Action item
Whenever an image turns up, omit it and return the remaining data exactly.

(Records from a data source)
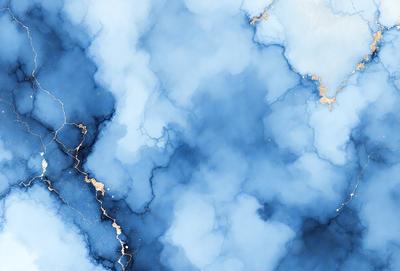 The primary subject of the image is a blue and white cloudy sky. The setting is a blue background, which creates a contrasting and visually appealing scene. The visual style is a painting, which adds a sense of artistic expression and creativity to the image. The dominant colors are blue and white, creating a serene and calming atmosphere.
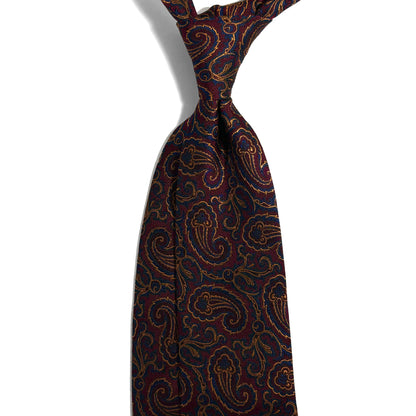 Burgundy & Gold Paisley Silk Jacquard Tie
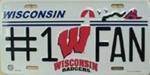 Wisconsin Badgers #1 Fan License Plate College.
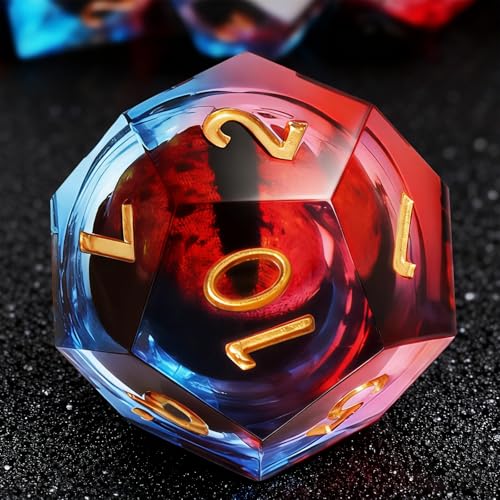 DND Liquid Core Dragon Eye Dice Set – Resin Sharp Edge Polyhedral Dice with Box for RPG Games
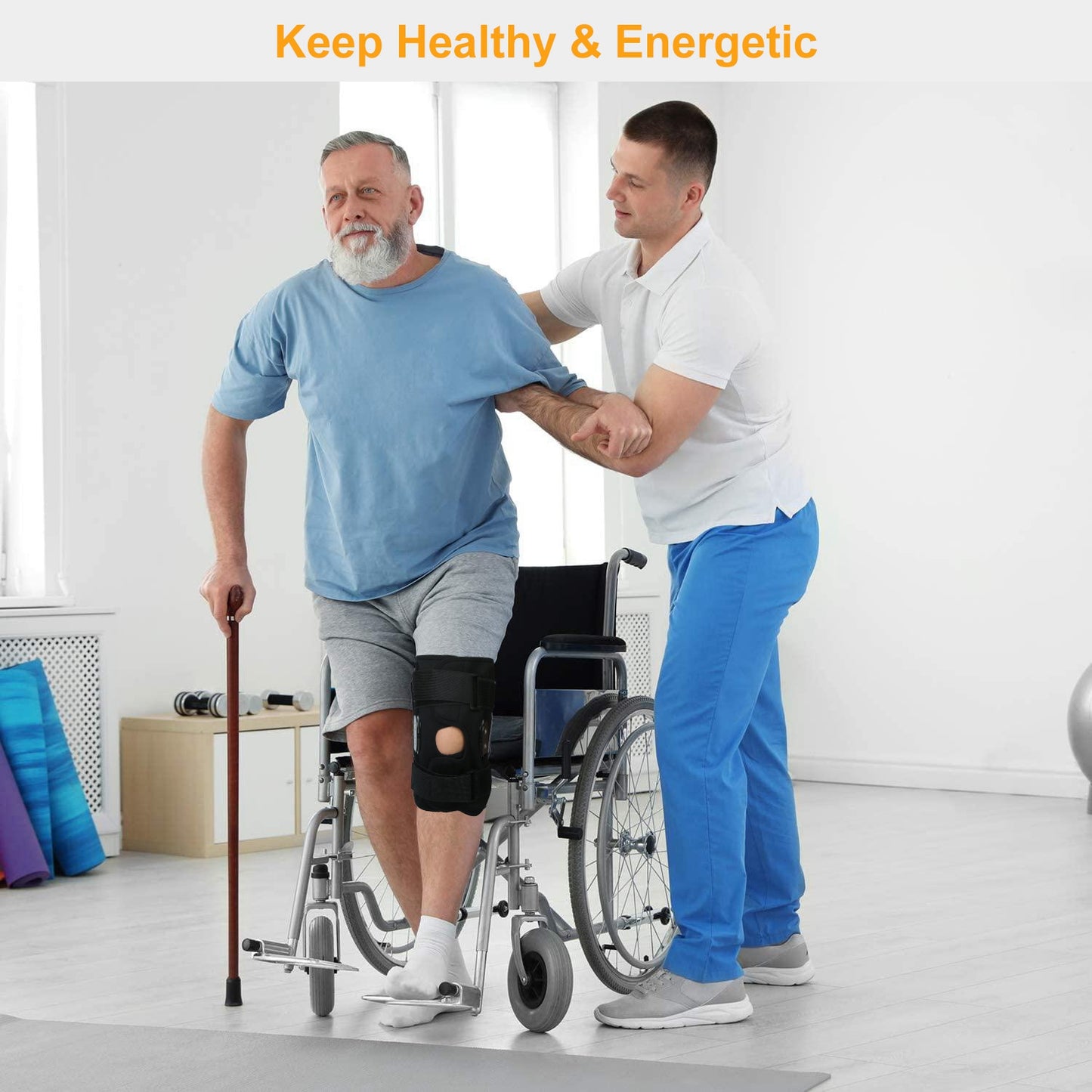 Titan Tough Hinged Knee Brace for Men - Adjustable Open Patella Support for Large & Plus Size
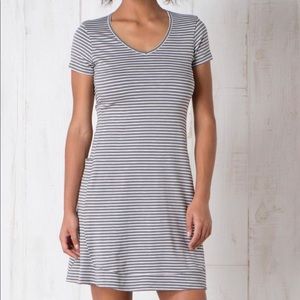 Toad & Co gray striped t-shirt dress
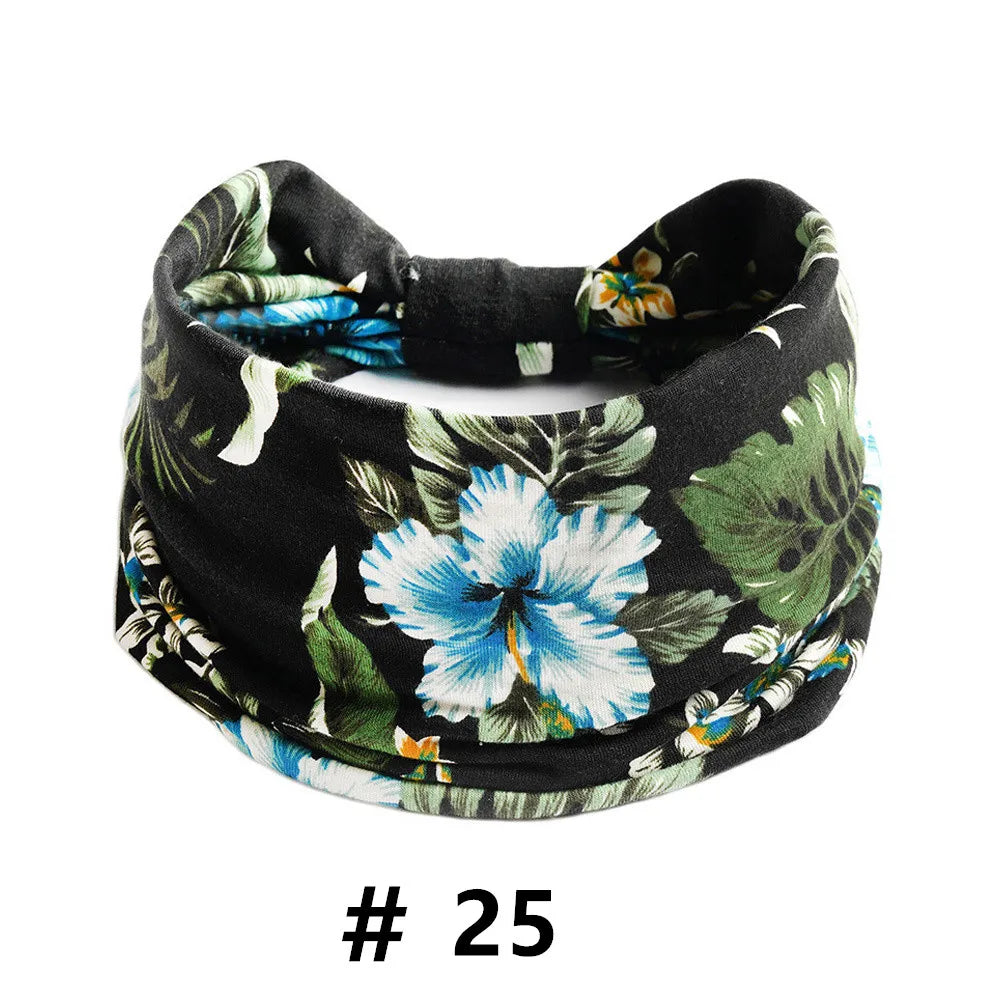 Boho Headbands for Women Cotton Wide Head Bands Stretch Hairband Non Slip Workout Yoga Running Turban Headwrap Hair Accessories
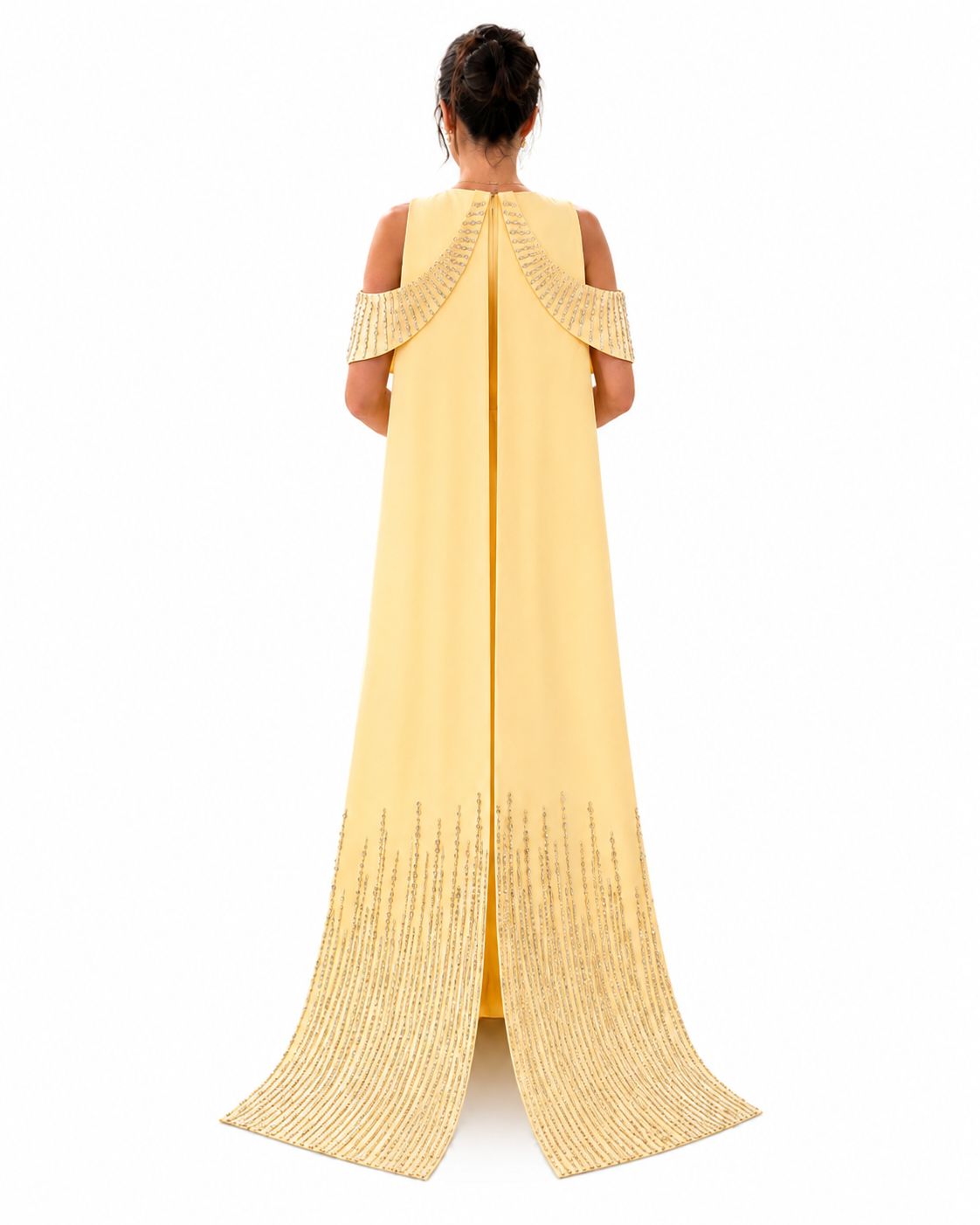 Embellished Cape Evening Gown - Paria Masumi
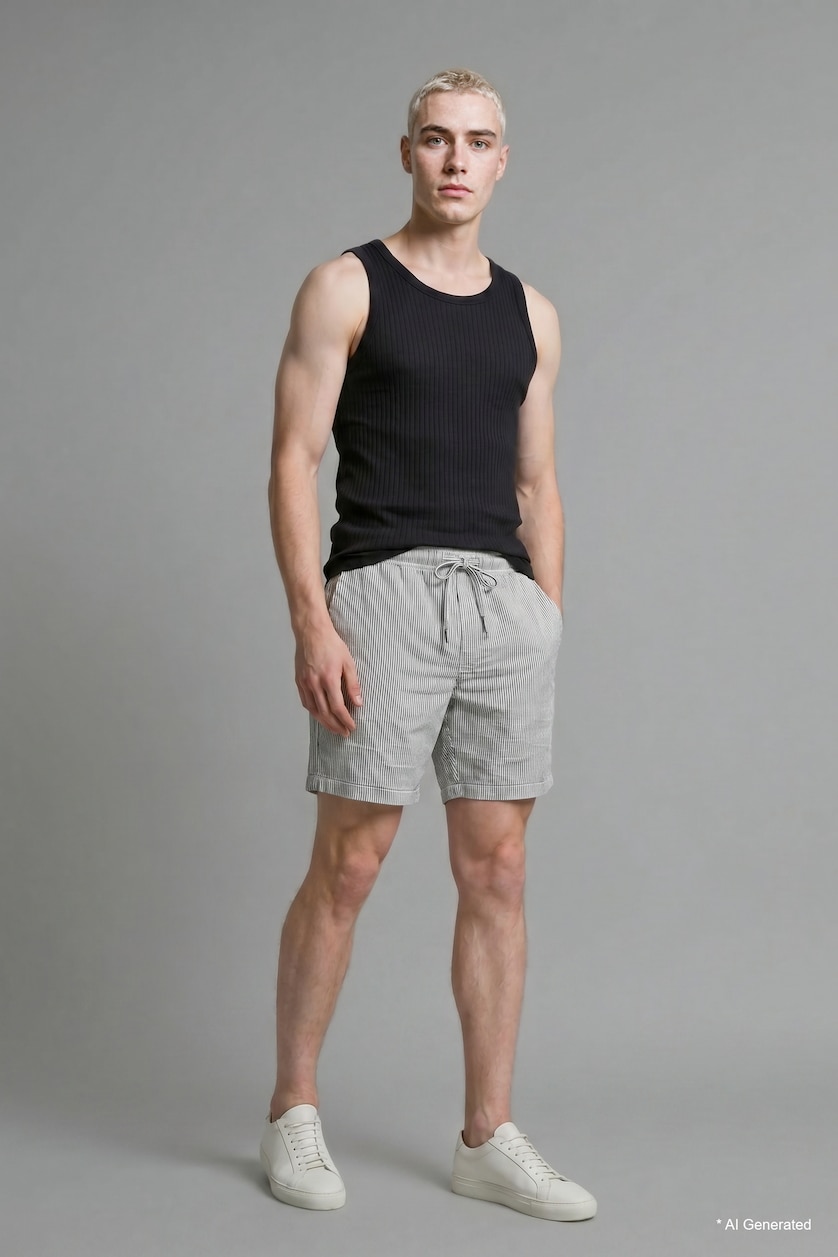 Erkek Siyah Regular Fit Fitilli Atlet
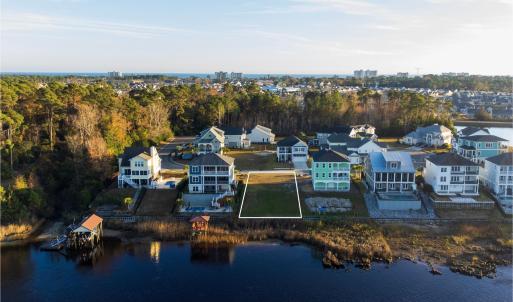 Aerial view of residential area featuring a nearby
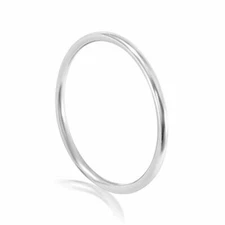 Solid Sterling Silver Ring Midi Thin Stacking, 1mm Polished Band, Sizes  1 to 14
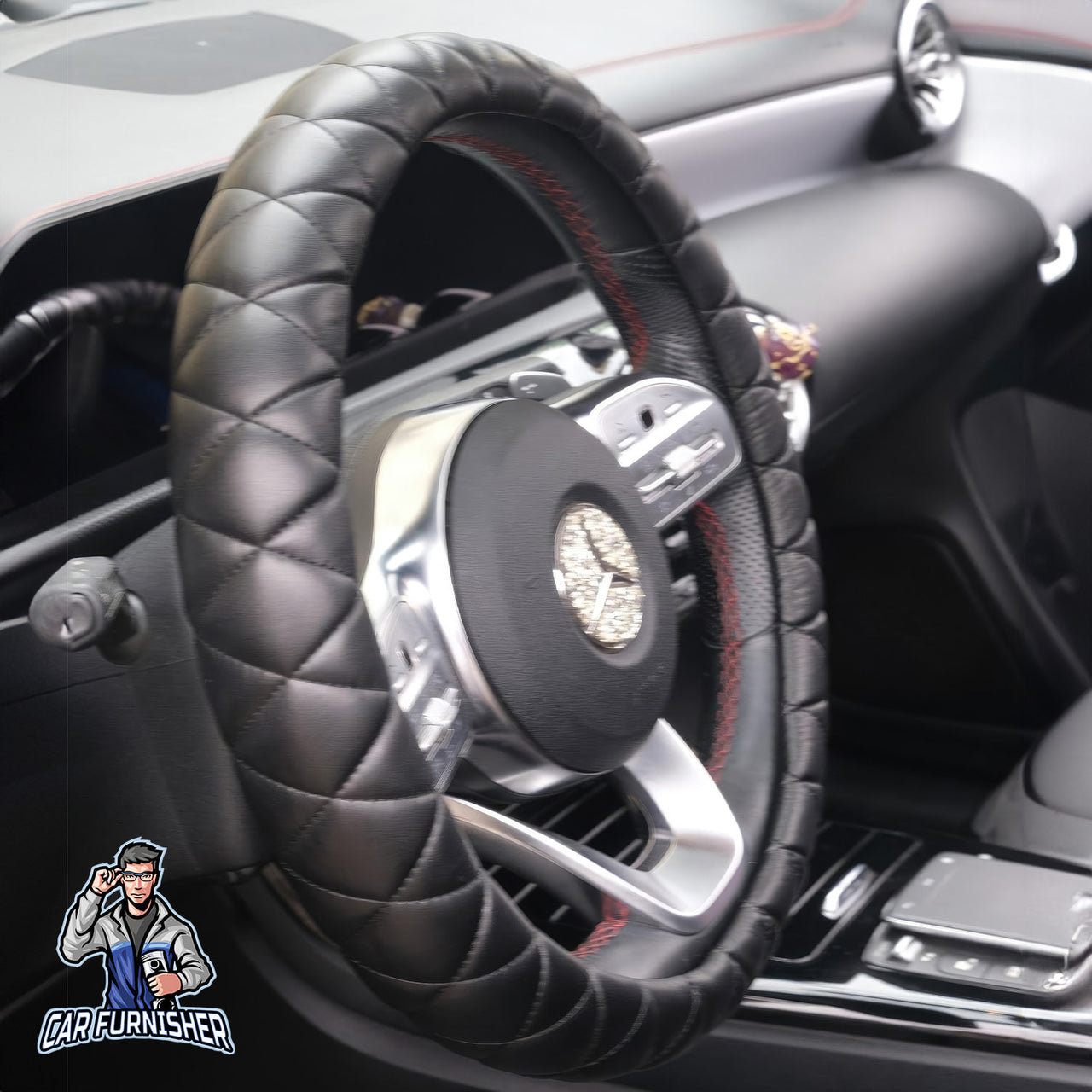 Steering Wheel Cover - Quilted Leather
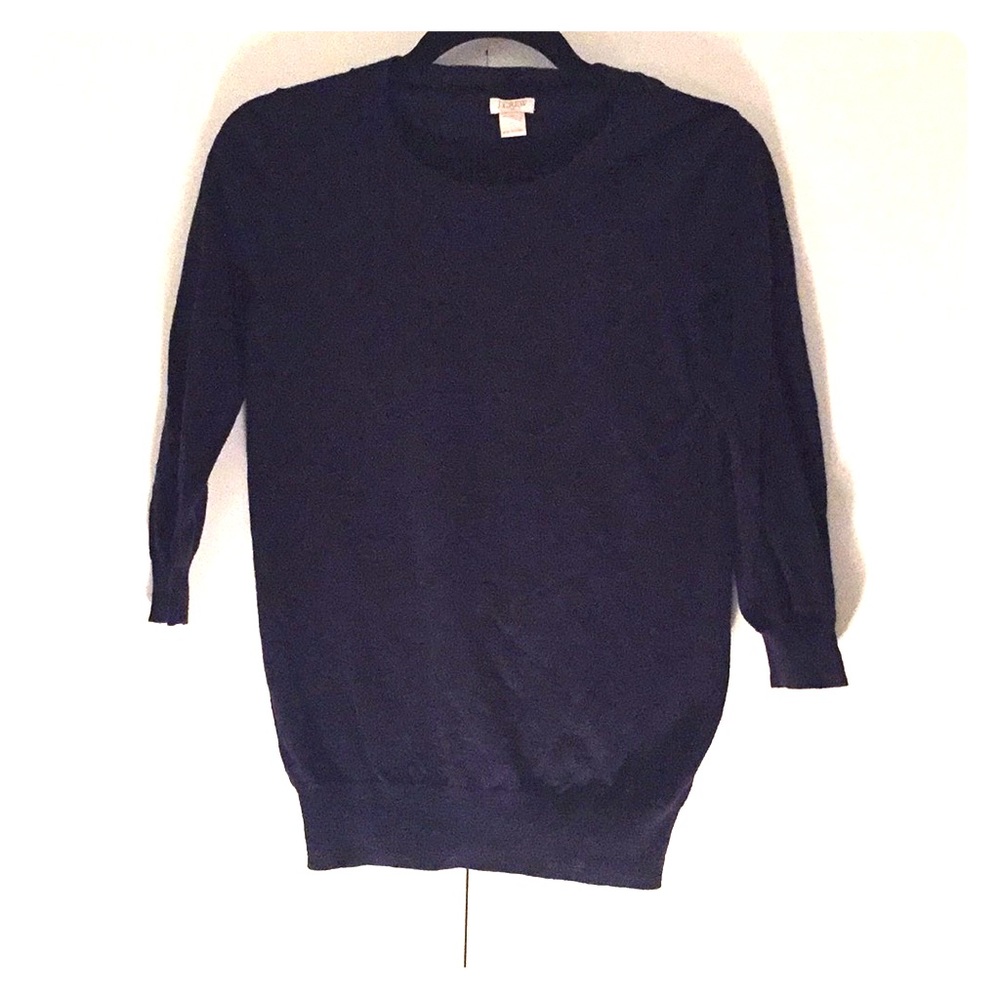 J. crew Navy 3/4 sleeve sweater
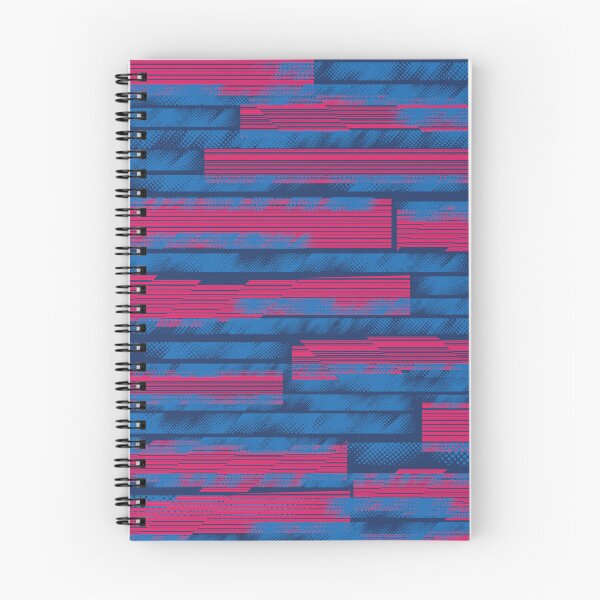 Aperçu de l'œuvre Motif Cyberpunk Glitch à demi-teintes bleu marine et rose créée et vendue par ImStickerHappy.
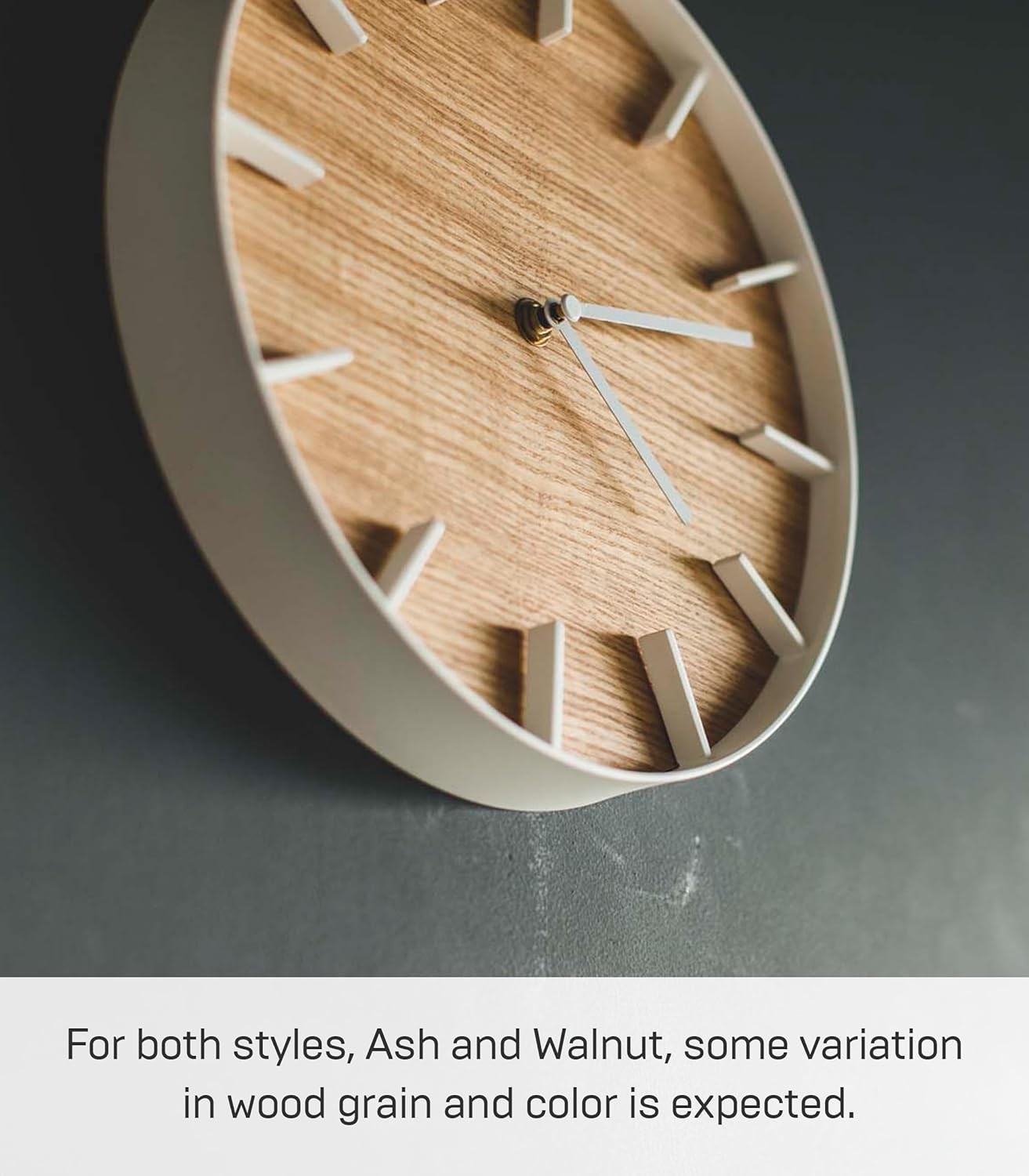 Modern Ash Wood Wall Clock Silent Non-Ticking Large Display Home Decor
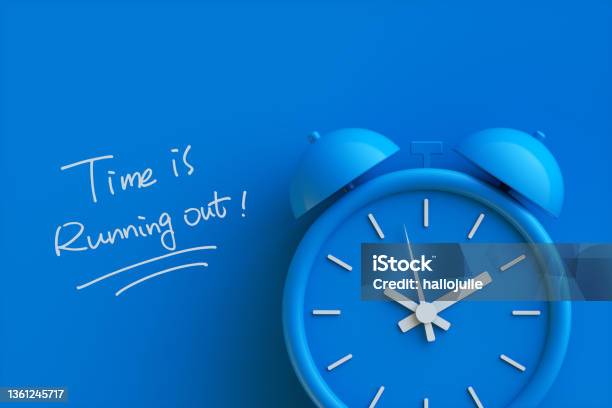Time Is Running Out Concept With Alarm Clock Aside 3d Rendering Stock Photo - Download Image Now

Reply to the exercise
 The primary subject of the image is a blue and white cloudy sky. The setting is a blue background, which creates a contrasting and visually appealing scene. The visual style is a painting, which adds a sense of artistic expression and creativity to the image. The dominant colors are blue and white, creating a serene and calming atmosphere.
 Burgundy & Gold Paisley Silk Jacquard Tie
 Wisconsin Badgers #1 Fan License Plate College.
 DND Liquid Core Dragon Eye Dice Set – Resin Sharp Edge Polyhedral Dice with Box for RPG Games
 Titan Tough Hinged Knee Brace for Men - Adjustable Open Patella Support for Large & Plus Size
 Toad & Co gray striped t-shirt dress
 Boho Headbands for Women Cotton Wide Head Bands Stretch Hairband Non Slip Workout Yoga Running Turban Headwrap Hair Accessories
 Embellished Cape Evening Gown - Paria Masumi
 Erkek Siyah Regular Fit Fitilli Atlet
 Aerial view of residential area featuring a nearby
 Solid Sterling Silver Ring Midi Thin Stacking, 1mm Polished Band, Sizes  1 to 14
 Steering Wheel Cover - Quilted Leather
 J. crew Navy 3/4 sleeve sweater
 Aperçu de l'œuvre Motif Cyberpunk Glitch à demi-teintes bleu marine et rose créée et vendue par ImStickerHappy.
 Modern Ash Wood Wall Clock Silent Non-Ticking Large Display Home Decor
Time Is Running Out Concept With Alarm Clock Aside 3d Rendering Stock Photo - Download Image Now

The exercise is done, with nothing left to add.